Hacker News new | past | comments | ask | show | jobs | submit login
Show HN: Dog API (dogapi.dog)
275 points by kinduff on Dec 27, 2022 | hide | past | favorite | 73 comments
Hello there, happy holidays.

I've been maintaining for 6 years this Dog API that only returned facts. I recently rewrote the project to make it more flexible [1] and I had a blast doing so.

This API has been used by a lot of computer science students, as well as bots and other 3rd party services that integrated in the past. The old endpoint receives around 1,000-1,500 requests per day, which makes me happy.

The goal is to extend it to make it more interesting and usable, I collect dog data in my spare time. I'm not looking to monetize it, it's just for the love of education.

Feel free to use it, and share it!

[1]: https://github.com/kinduff/dogapi.dog

From a fun / teaching / learning point of view - I get it. As others are saying however, the secondary learning that you want is that sometimes a database is the right solution.

For example, a student could learn that they need to use a API (with all of the API problems: latency, server down, throttling, blah blah blah) when all they really need to do is download a sqlite file, hook up sqlite to their application, run one query - and have a vastly simpler application. This could be as little as 10-50 lines of code. Never underestimate the power of shipping data via sqlite files.

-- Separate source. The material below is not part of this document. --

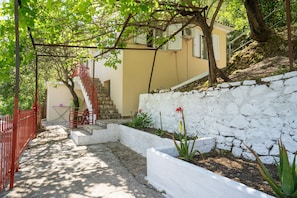 A stone pathway leading to a building with a staircase, surrounded by greenery and a white wall.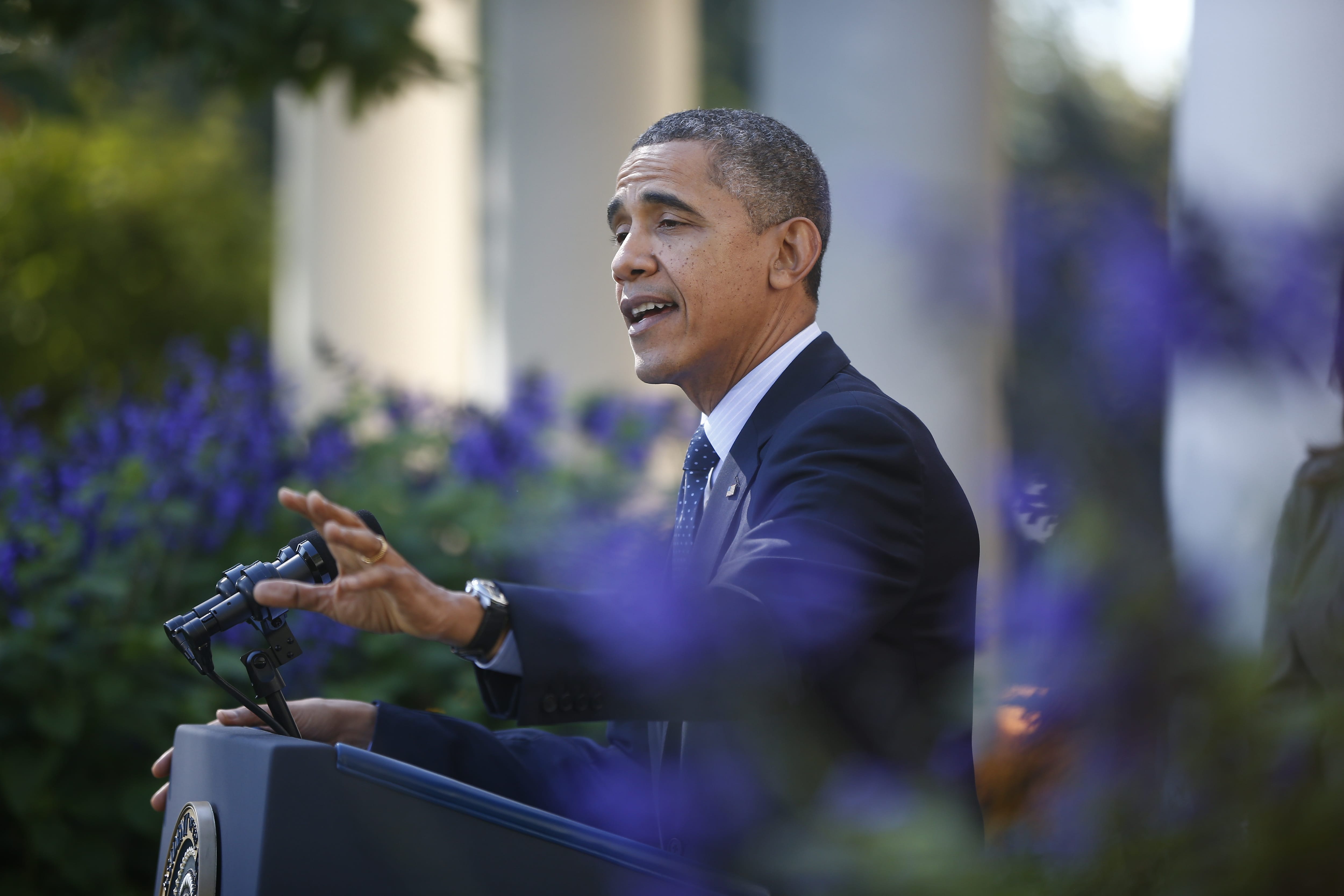 President Barack Obama speaks during an event in the Rose Garden of the White House on the initial rollout of the health care overhaul on Monday in Washington.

Considering a set of relatively infrequently changing facts about external world, publishing them as RDF can be a good choice. Developers can use it in whatever way they need, including loading it into SQLite—and it’s self-documenting, so they don’t need some extra information such as a spec to explain what everything means. It can link to external data for things beyond its scope that someone else already took care of. Other data can link to it, too—so it benefits open information exchange.

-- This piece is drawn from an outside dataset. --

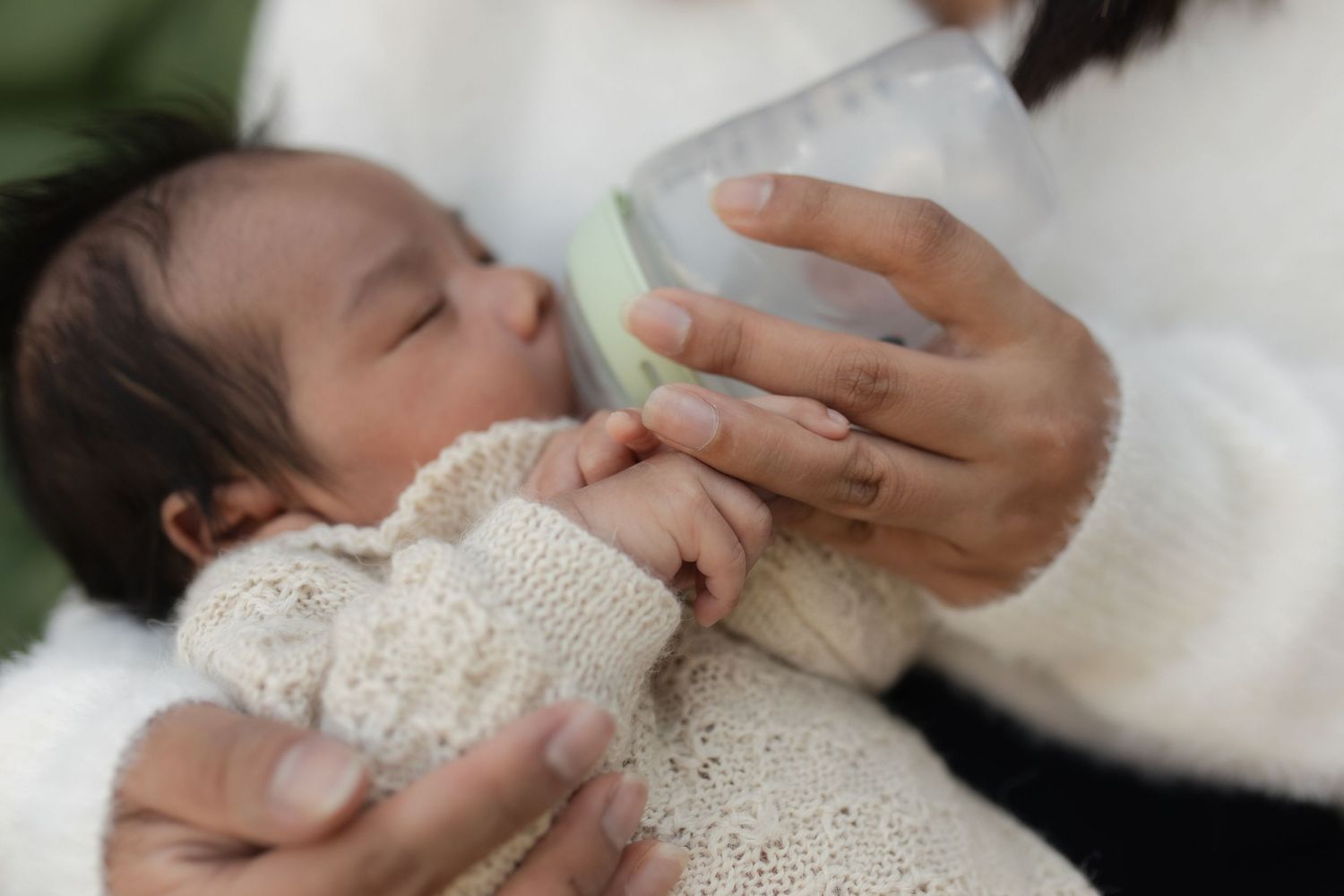 Gentle feeding time with newborn baby dressed in delicate white lace.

(Yes, RDF has got a bit of a bad rap in some circles, but I don’t think it’s entirely justified… More importantly, RDF is incredibly boring, so publishing such a dataset is likely to gather much less attention than releasing a free public API, at least here.)

I agree, but also don't underestimate the problems and risks in real systems that keep changing.

I've shipped some data in a JSON file bundled with an application, because it didn't change a lot, and we had frequent (biweekly) releases anyway. I mistakenly assumed those two things would always be true.

As time went on, the frequency of necessary changes increased but our overall products release cadence got worse and worse (many months) as the product grew. So customers had continually outdated data.

An additional problem I didn't expect is that since we wanted to get customers the latest data (because the next release was so far out), we had to update the data set as close to release as possible. So always a change at the last minute, which is already a busy time and means it's not really tested well. And also it was extra toil; we had a script for data generation but it still needed a manual run and pull request. In the time I spent running this I could have easily written an API based version several times.

Another problem was that this change had to be made for every release, including bugfix ones. This caused frequent discussion (do we need this?), was forgotten a few times, and caused merge conflicts later which were annoying because in this case the proper way to merge was to ignore both ancestors and rerun the script, which people weren't used to.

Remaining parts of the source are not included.